Data to process section start
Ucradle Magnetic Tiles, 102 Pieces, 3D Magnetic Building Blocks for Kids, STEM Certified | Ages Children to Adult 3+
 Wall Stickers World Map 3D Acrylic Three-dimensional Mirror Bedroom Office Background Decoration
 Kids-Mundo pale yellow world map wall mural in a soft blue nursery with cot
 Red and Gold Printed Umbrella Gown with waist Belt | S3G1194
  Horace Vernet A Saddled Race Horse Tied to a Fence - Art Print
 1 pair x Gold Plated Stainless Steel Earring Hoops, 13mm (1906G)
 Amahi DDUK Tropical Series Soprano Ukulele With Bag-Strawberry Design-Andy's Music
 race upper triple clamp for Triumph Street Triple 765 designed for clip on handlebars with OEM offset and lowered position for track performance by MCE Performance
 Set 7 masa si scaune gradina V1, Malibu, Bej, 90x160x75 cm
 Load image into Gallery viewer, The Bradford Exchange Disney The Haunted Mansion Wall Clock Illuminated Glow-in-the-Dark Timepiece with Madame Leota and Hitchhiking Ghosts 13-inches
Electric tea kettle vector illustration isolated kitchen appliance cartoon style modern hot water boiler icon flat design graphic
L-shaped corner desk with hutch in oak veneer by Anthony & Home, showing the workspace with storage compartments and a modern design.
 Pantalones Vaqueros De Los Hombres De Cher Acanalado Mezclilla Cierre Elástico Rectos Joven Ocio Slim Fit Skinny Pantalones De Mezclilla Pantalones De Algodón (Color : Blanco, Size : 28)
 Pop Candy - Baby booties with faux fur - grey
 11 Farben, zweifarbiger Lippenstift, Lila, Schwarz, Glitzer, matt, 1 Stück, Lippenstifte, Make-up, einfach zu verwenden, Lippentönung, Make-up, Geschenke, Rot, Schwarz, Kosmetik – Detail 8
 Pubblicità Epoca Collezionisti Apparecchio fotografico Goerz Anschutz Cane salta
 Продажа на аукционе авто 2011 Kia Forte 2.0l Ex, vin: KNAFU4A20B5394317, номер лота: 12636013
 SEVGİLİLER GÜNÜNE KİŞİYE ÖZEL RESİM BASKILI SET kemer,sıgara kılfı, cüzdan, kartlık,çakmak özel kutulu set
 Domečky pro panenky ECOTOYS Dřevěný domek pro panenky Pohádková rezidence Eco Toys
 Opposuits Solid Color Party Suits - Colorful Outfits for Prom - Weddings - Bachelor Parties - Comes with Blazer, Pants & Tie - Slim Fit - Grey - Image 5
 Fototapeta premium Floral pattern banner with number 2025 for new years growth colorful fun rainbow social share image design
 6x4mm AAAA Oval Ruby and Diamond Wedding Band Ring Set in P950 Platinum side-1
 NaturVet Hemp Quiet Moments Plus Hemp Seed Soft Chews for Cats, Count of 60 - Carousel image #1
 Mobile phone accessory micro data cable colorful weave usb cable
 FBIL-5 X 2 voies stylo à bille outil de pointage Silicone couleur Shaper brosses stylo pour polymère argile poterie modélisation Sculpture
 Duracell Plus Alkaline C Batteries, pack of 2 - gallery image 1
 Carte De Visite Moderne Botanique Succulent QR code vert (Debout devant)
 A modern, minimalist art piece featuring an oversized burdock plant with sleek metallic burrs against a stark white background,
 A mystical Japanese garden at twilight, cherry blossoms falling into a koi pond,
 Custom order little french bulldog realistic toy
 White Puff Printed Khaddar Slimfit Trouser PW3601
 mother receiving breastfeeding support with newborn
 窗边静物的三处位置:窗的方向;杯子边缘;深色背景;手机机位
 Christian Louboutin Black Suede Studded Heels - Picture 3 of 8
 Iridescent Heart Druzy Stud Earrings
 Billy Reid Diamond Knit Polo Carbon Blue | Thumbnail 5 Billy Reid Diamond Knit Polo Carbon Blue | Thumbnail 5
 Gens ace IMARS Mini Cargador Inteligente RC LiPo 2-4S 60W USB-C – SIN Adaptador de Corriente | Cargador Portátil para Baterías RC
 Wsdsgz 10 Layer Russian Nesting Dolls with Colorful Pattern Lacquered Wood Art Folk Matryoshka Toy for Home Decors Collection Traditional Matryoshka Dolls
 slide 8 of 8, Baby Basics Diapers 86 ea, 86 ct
Data to process section end
**Problem to solve:** If a line in the data contains the string "Home", count it, then give the total and nothing else.

**Your response:** 2